Pengakuan keputusasaan datang dari mulut Angelina Sondakh. Mantan
Koordinator Pokja Anggaran Komisi X DPR RI dari Partai Demokrat ini
mengaku sempat terbesit untuk mengakhiri hidupnya karena tidak kuat
menanggung beratnya beban yang ditimpakan kepadanya. Mengingat usai
ditinggal mendiang suaminya Adjie Mas Said, Komisi Pemberantasan Korupsi
(KPK) juga menetapkannya sebagai tersangka dalam kasus suap pembahasan
anggaran di Kemenpora dan Kemendiknas 2010/2011. “Saya hampir ingin
bunuh diri tidak lama setelah suami saya wafat, apalagi usai itu
ditetapkan sebagai tersangka. Namun agama dan anak-anak sayalah yang
membuat saya bertahan,” ucapnya sembari sesengukan saat membacakan
pembelaan pribadinya (pledoi) di Persidangan Tindak Pidana Korupsi
(Tipikor), Kamis (3/1). Menurutnya, politik itu kejam. Kendati tidak
menerima uang sepeser pun dari Permai Group, mantan putri Indonesia 2001
ini menegaskan tuntutan Jaksa Penuntut Umum (JPU) dengan menuntut 12
tahun penjara dan ganti rugi Rp 32 milliar merupakan ledakan petir di
siang bolong. “Di mana kesalahan saya sehingga harus dihukum berat.

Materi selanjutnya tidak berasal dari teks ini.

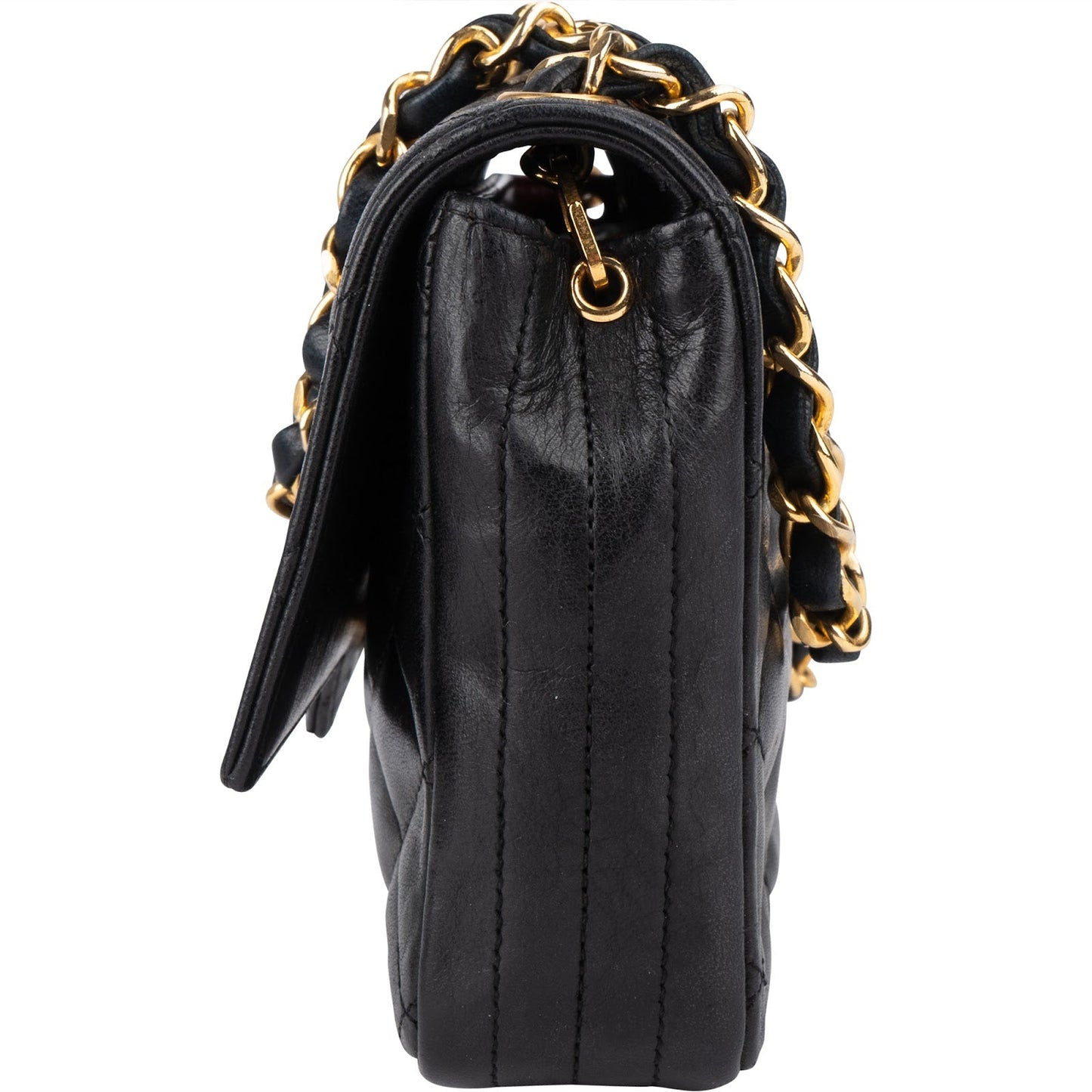 Chanel Quilted Lambskin 24K Gold Single Flap Crossbody Bag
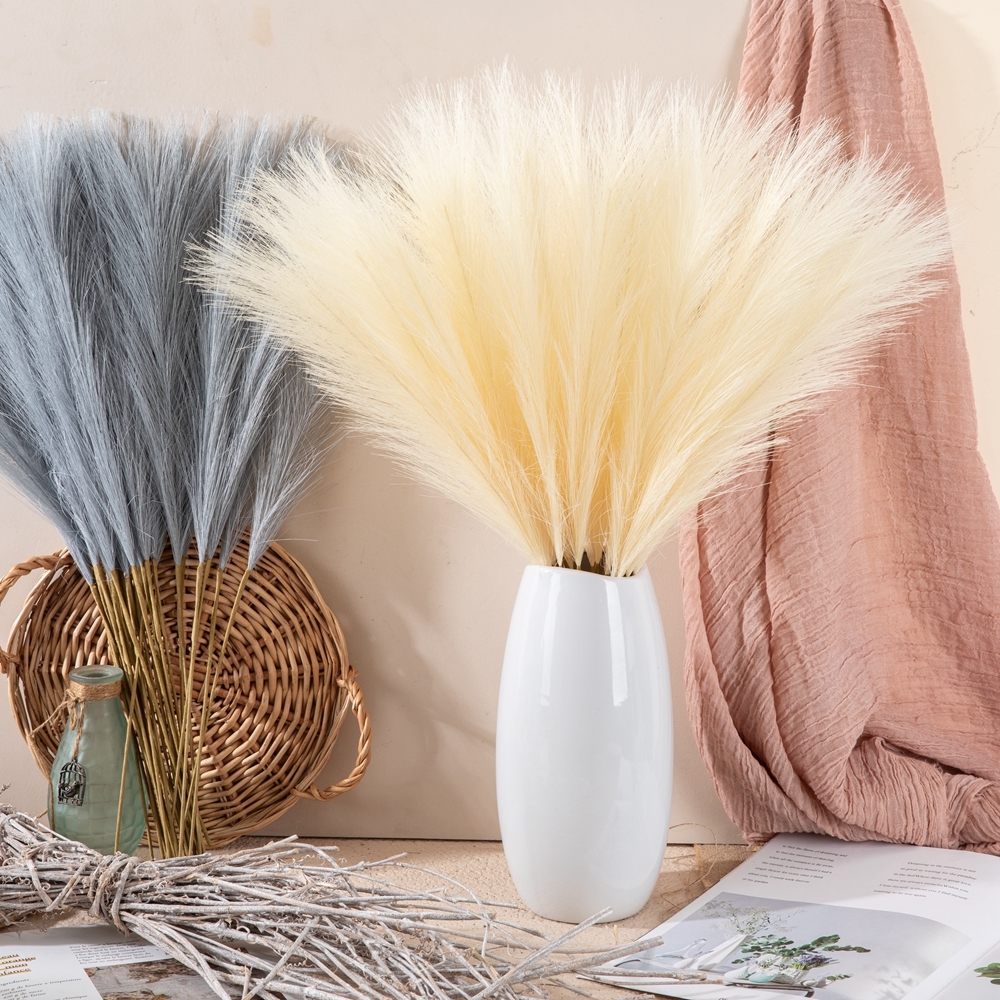 MW85102 Cheap Artificial mini Pampas Grass Single Branch Total Length 56.5 cm for Wedding Home Decoration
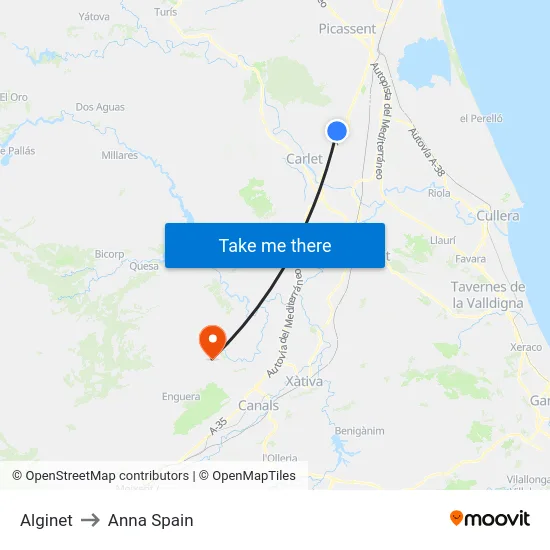 Alginet to Anna Spain map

Apakah Angelina sudah melakukan perbuatan hina yang sangat berat
melebihi Nazaruddin dan Mindo yang terbukti kuat melakukan penyuapan di
Kantor Kemenpora,” katanya. Awalnya Angie, begitu dirinya biasa
dipanggil ini meyakini bahwa dirinya akan dituntut ringan karena fakta
di persidangan tidak ada seorang pun yang mengatakan dirinya menerima
uang 16 transaksi dari perusahaan Nazaruddin (Permai Group-red) untuk
proyek tersebut. Bahkan Muhammad Nazaruddin mengatakan dirinya tidak
terlibat dalam kasus wisma atlet. “Tidak mungkin saya dihukum lebih
berat dari Nazaruddin yang kabur ke luar negeri dengan tuntutan tujuh
tahun dan vonis 4,5 tahun tanpa ganti rugi. Tapi ternyata itu semua
salah,” tandasnya dengan berurai air mata.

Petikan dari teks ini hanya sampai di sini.